▶ _Data for review_
################

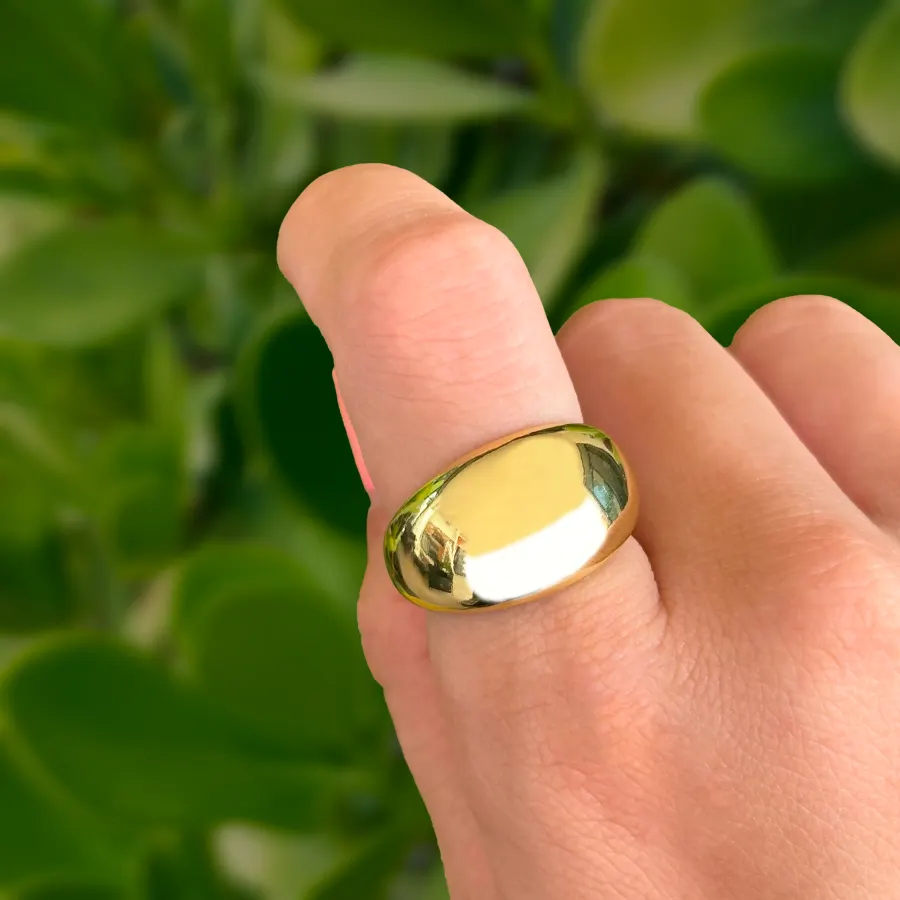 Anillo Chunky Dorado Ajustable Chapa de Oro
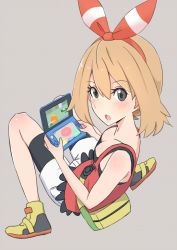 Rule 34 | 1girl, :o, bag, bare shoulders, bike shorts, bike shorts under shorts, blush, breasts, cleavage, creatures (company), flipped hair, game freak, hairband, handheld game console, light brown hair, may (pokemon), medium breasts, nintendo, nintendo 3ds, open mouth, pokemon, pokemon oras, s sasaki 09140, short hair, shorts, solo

################

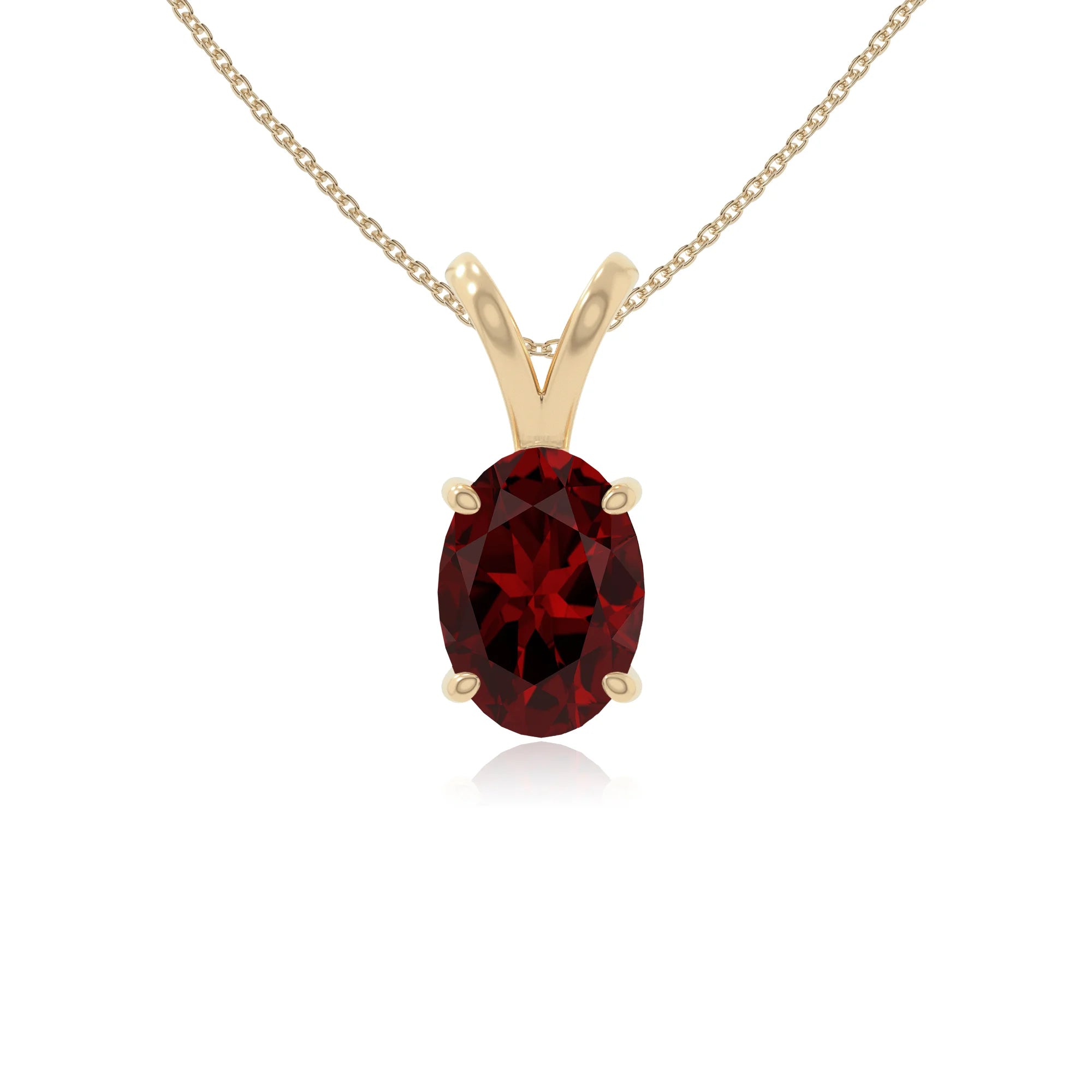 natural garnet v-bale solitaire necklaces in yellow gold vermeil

################

▶ _Action item_
From the records above, give again only the part that opens with the line containing "Anillo Chunky Dorado Ajustable Chapa de Oro" and closes with the line containing "Rule 34 | 1girl, :o, bag, bare". Keep both ends but drop the pictures.

▶ _Solution_
 Anillo Chunky Dorado Ajustable Chapa de Oro
 Rule 34 | 1girl, :o, bag, bare shoulders, bike shorts, bike shorts under shorts, blush, breasts, cleavage, creatures (company), flipped hair, game freak, hairband, handheld game console, light brown hair, may (pokemon), medium breasts, nintendo, nintendo 3ds, open mouth, pokemon, pokemon oras, s sasaki 09140, short hair, shorts, solo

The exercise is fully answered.